The presence of waste in the environment has frequently been indicated as a significant risk to human health. Therefore, landfill sites and the disposal of urban solid and non-hazardous waste by incineration are subject to much environmental monitoring, in addition to the regulations already in place.
However, little action has been taken, and consequently no specific legislation exists, in relation to the assessment of the real biological risk of various substances, including chemical mixtures and ashes, derived from the incineration processes. This study assessed the cytotoxic potential of humid lightweight coal ash (LA) derived from incineration processes and waste management, on two cell lines: NCTC 2544 normal human keratinocytes and HECV endothelial cells. To reach this goal and to assess more-realistic methods for animal replacement, we employed different in vitro experimental approaches: acute and longer exposure to LA, by direct and indirect contact (0–2mg/ml and 16mg, respectively), both in 2-D and 3-D cultures.
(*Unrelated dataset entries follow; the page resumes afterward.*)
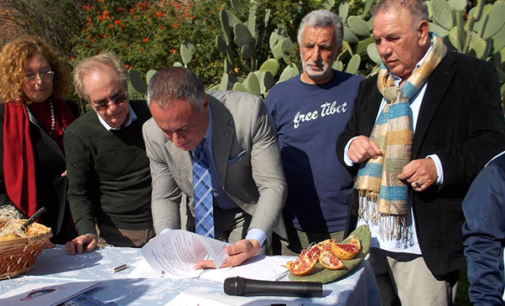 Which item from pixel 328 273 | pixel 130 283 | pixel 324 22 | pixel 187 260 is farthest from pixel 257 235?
pixel 324 22

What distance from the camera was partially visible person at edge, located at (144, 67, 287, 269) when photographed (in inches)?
93.3

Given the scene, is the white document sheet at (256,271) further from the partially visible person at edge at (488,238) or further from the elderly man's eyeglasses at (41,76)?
the elderly man's eyeglasses at (41,76)

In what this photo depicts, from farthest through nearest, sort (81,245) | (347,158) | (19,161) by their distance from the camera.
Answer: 1. (19,161)
2. (347,158)
3. (81,245)

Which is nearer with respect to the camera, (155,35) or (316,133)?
(316,133)

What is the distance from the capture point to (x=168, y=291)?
1866 mm

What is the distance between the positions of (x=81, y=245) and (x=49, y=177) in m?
0.94

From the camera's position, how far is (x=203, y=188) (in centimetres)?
241

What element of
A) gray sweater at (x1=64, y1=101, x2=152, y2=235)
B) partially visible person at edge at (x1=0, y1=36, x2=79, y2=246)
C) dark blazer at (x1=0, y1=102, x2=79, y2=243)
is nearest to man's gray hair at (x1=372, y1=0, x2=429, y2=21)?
gray sweater at (x1=64, y1=101, x2=152, y2=235)

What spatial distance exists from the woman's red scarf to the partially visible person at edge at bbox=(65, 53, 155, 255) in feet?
1.14

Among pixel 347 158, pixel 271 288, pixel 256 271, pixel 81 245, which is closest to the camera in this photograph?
pixel 271 288

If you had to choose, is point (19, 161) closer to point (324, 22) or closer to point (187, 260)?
point (187, 260)

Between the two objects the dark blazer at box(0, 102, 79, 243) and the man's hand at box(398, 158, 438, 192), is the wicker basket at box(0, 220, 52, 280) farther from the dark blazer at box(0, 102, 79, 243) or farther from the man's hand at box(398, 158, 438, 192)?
the man's hand at box(398, 158, 438, 192)

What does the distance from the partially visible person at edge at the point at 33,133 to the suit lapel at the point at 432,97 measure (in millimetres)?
1983

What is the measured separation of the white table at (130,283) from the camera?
5.88 ft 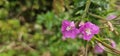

In 2-D HECV cultures, we observed a decrease in the viability index, but only during direct contact with LA doses higher than 0.1mg/ml. Moreover, some striking differences in cytotoxicity were observed between the 2-D and 3-D models. Taken together, these observations indicate that, for studying pollutant toxicity during longer exposure times, 3-D cultures in direct contact with the pollutant seem to offer a more suitable approach — they mimic the in vivo behaviour of cells more realistically and under strictly controlled conditions. Thus, in readiness for possible forthcoming European regulations, we believe that the proposed study, even in its preliminary phase, can provide new advice on the assessment of the toxic and biological potential of particular chemical compounds derived from waste management processes.